Category: Plant Science (Page 5 of 9)

Plant Science: Chlorophyll and Other Leaf Pigments

Plants have chemicals in their leaves that can convert sunlight, water, and carbon dioxide to food in the form of sugars. The process is called photosynthesis. The chemicals in the leaves that absorb light are pigments. The most common pigments that convert sunlight energy are green pigments called chlorophyll. Other pigments found in leaves include xanthophylls, carotenes, and anthocyanins (see below for definitions).

Chromatography Activity

How do scientists study the colors in plants? One way is to perform a simple color separation or “chromatography.”  Let’s look for the pigments found in growing plant leaves, in this case fresh spinach which is full of pigments.

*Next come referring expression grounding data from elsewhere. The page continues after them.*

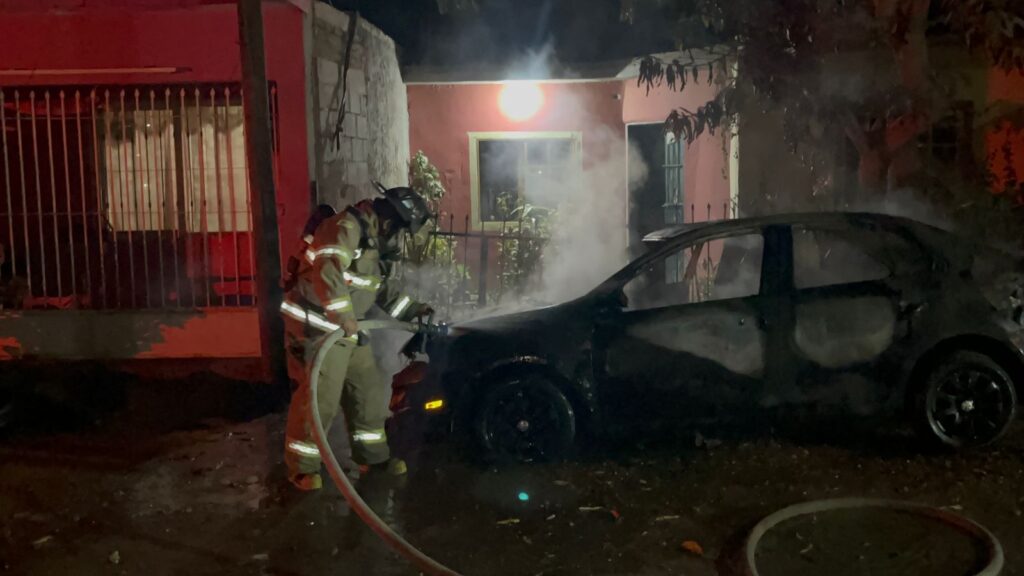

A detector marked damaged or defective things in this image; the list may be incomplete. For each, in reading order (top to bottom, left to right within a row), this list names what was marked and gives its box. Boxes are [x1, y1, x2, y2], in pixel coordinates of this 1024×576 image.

charred vehicle door [592, 226, 784, 424]
burned car [408, 214, 1024, 462]
damaged car frame [410, 214, 1024, 462]
charred vehicle door [780, 218, 932, 412]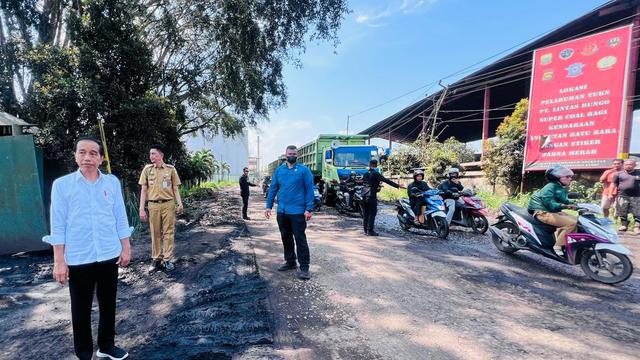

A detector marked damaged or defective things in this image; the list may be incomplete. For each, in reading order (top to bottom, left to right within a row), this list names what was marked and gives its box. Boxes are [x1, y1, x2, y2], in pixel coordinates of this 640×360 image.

damaged asphalt road [1, 188, 640, 360]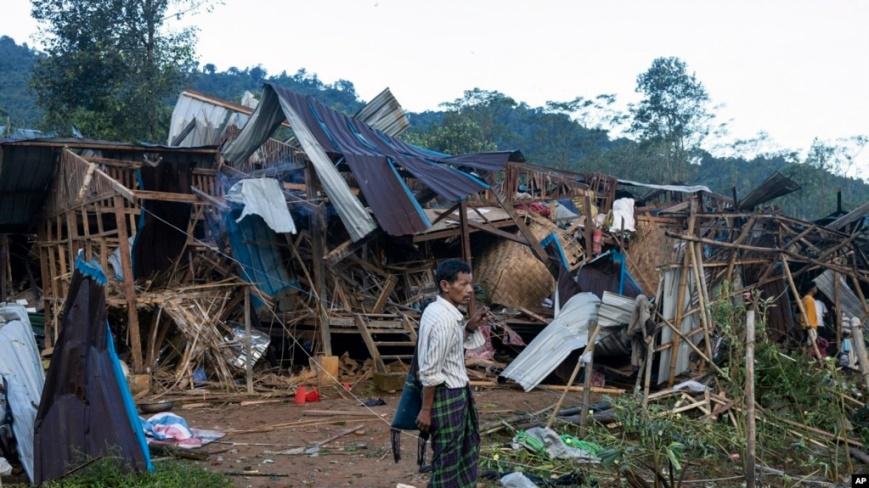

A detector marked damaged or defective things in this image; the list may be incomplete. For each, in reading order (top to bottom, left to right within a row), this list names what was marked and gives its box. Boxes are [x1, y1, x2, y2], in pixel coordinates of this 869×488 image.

torn tarpaulin [225, 177, 296, 234]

The chromatography requires time, at least an hour, so prepare your children in advance. It also requires rubbing alcohol.  Read and follow the warnings on the alcohol bottle label carefully.

You will need:

  • A fresh spinach leaf per child
  • Small clean containers, like a yogurt cups or jars, one per child
  • Tool to chop the spinach leaves (requires adult supervision)
  • Rubbing alcohol
  • Stirring utensil that will fit in containers
  • Coffee filter cut into about ¾-inch-wide strips that will fit into the container from top to bottom, one per container

Chop up the spinach leaves into tiny pieces. Put the chopped bits into the bottom of the containers. They should cover the bottom in a layer, up to ¼-inch deep. Pour in just enough rubbing alcohol to cover the leaf bits. Stir briefly. Slide the coffee filter strip into the container, so that the bottom touches the alcohol/leaf mixture. Rest it against the side. Now wait for about an hour.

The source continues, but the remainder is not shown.